### Work order
Return, with both end lines included, exactly what the data below holds from the line with "Назарбаев в Астане" through the line with "صفحه اول روزنامه‌های یکشنبه ۲۱ اردیبهشت ۱۴۰۴", though not the pictures.

### Supplied material
■ ■ ■ ■

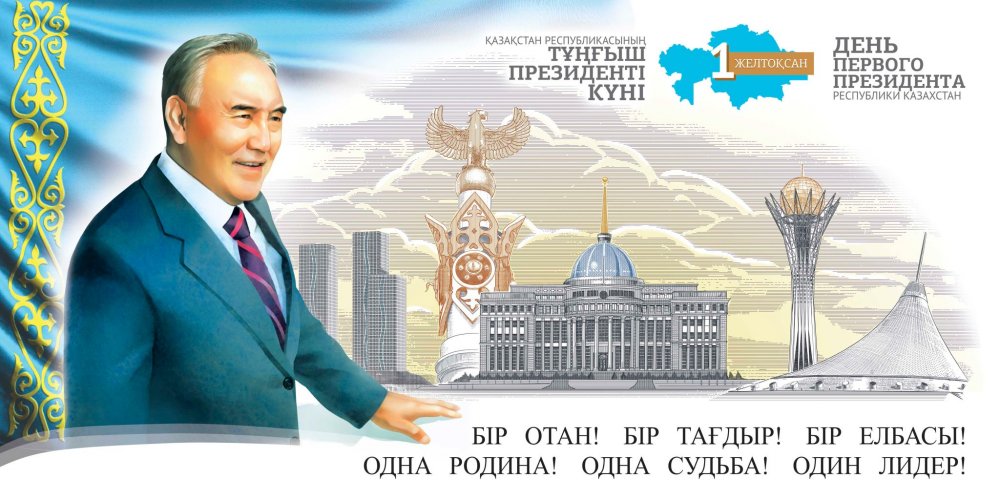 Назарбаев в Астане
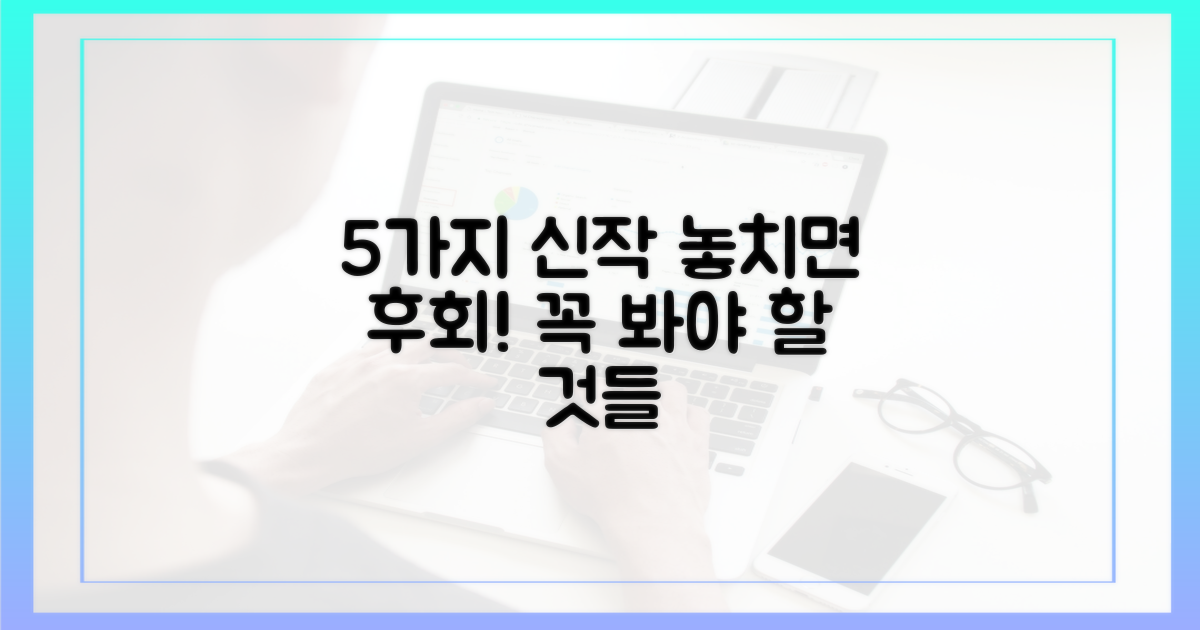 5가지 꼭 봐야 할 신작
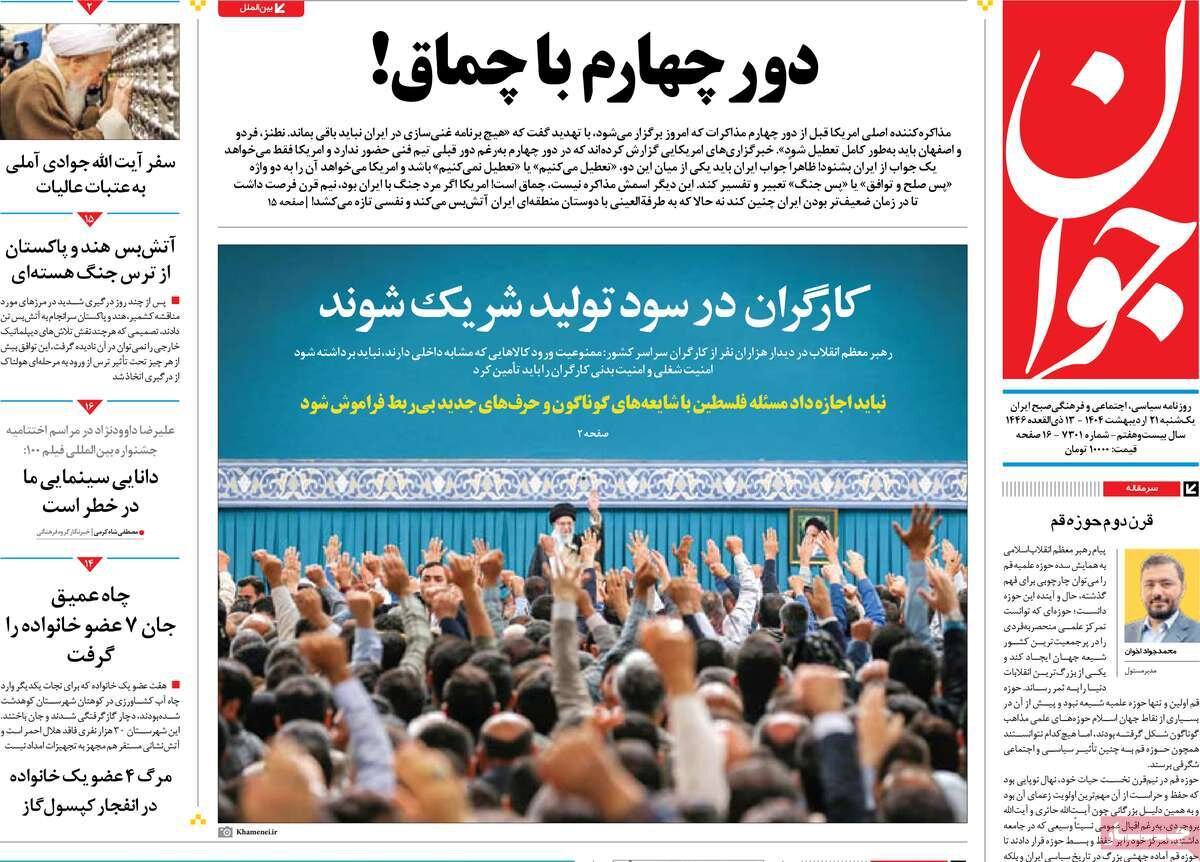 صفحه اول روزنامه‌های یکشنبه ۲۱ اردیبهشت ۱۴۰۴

■ ■ ■ ■

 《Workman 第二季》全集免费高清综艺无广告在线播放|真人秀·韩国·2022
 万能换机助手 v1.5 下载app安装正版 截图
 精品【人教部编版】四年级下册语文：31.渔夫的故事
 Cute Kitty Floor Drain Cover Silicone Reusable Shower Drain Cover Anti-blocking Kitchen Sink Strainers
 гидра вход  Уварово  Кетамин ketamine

■ ■ ■ ■

### Result for this exercise
 Назарбаев в Астане
 5가지 꼭 봐야 할 신작
 صفحه اول روزنامه‌های یکشنبه ۲۱ اردیبهشت ۱۴۰۴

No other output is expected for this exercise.